:: SUPPLIED DATA ::

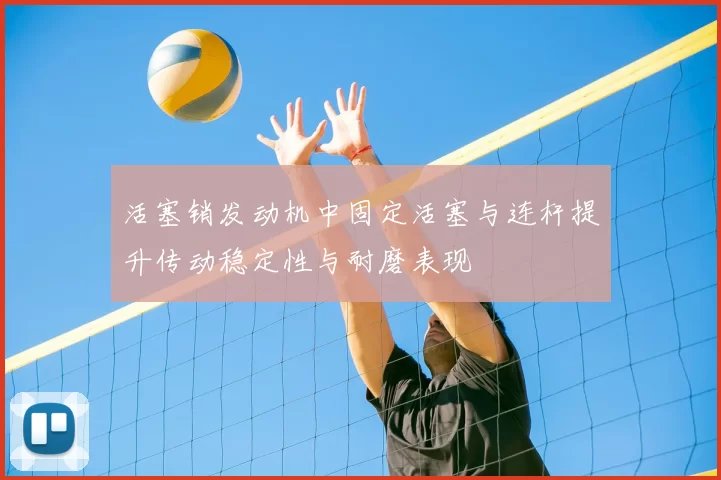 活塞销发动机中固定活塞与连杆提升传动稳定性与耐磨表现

:::
:: SUPPLIED DATA ::

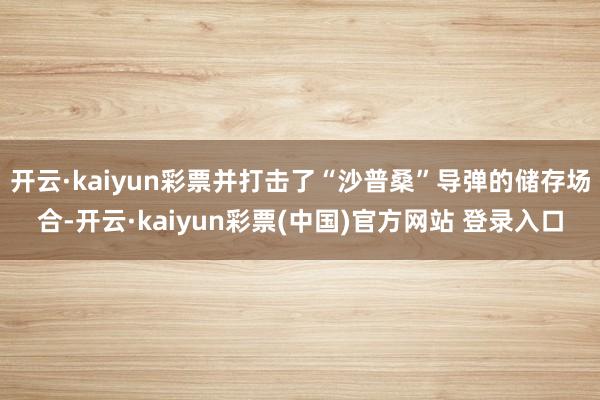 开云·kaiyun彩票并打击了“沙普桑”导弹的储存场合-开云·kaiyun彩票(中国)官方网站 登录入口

:::
:: SUPPLIED DATA ::

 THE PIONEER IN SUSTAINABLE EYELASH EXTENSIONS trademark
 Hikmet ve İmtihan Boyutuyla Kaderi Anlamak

:::

- _EXERCISE OBJECTIVE_
From the listing above, the lines starting with the one that has "THE PIONEER IN" and running through the one that has "Hikmet ve İmtihan Boyutuyla Kaderi Anlamak" should be copied exactly, ends included.

- _EXERCISE SOLUTION_
 THE PIONEER IN SUSTAINABLE EYELASH EXTENSIONS trademark
 Hikmet ve İmtihan Boyutuyla Kaderi Anlamak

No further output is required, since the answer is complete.